Usage (especially for Kaldi beginners)

  1. Download Kaldi, compile Kaldi tools, and install BeamformIt for beamforming, Phonetisaurus for constructing a lexicon using grapheme to phoneme conversion, and SRILM for language model construction, miniconda and Nara WPE for dereverberation. For SRILM, you need to download the source (srilm.tgz) first.
     git clone https://github.com/kaldi-asr/kaldi.git
     cd kaldi/tools
     make -j                             # "-j" option parallelize compile
     ./extras/install_beamformit.sh      # BeamformIt
     ./extras/install_srilm.sh           # Get source from http://www.speech.sri.com/projects/srilm/download.html first
     ./extras/install_phonetisaurus.sh   # G2P
     ./extras/install_miniconda.sh       # Miniconda for several Python packages including Nara WPE, audio synchronization, and GSS
     ./extras/install_wpe.sh             # Nara WPE
    
  2. Compile Kaldi (-j 10 means the number of jobs is 10. Please change this number based on your environment accordingly).
     cd ../src
     ./configure
     make depend -j 10
     make -j 10
    
  3. Move to the CHiME-6 track1 ASR baseline in the Kaldi egs/ directory.
     cd ../kaldi/egs/chime6/s5_track1
    
  4. Specify model and CHiME-5 root paths in run.sh. You can also specify the CHiME-6 root directory, which is generated in the array synchronization stage (stage 0)
     chime5_corpus=<your CHiME-5 path>
     chime6_corpus=<desired CHiME-6 path>
    
  5. Execute run.sh.
     ./run.sh
    

    We suggest using the following command to save the main log file:

     nohup ./run.sh > run.log
    

    If your experiments have failed or you want to resume your experiments at some stage, you can use the following command (this example is to rerun GMM experiments from stage 9):

     ./run.sh --stage 9
    
  6. If you have your own enhanced speech data for test, you can perform your own enhancement by using local/decode.sh.

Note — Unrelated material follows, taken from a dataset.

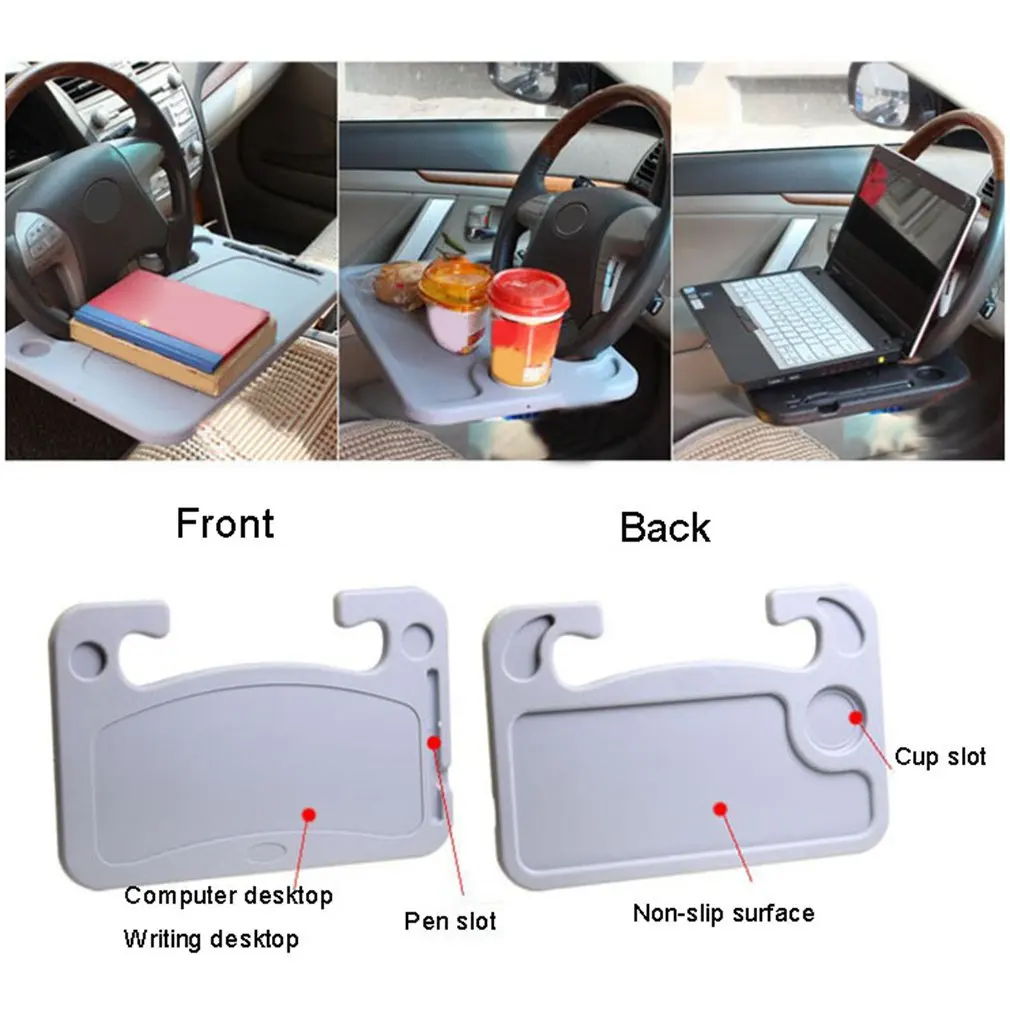 

Car Desk Coffee Holder Laptop Computer Table Steering Wheel Universal Portable Eat Work Drink Seat Tray Goods Auto Accessories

  7. You can find the resulting word error rates (WERs) in the following files:
     exp/chain_train_worn_simu_u400k_cleaned_rvb/tdnn1b_sp/decode_dev_gss_multiarray_2stage/wer_*
     exp/chain_train_worn_simu_u400k_cleaned_rvb/tdnn1b_sp/decode_eval_gss_multiarray_2stage/wer_*
    

Note

  • During scoring, we filter the tags ([noise], [inaudible], [laughs], and [redacted]), and normalize the filler hmm, i.e., sed -e 's/\/hmm/g; s/\/hmm/g; s/\/hmm/g;'. See local/wer_output_filter. The final scoring script will be released when the test data is released.
  • The WER can differ for every run and every machine due to random initialization and to machine-specific issues. The difference can be up to several percent absolute.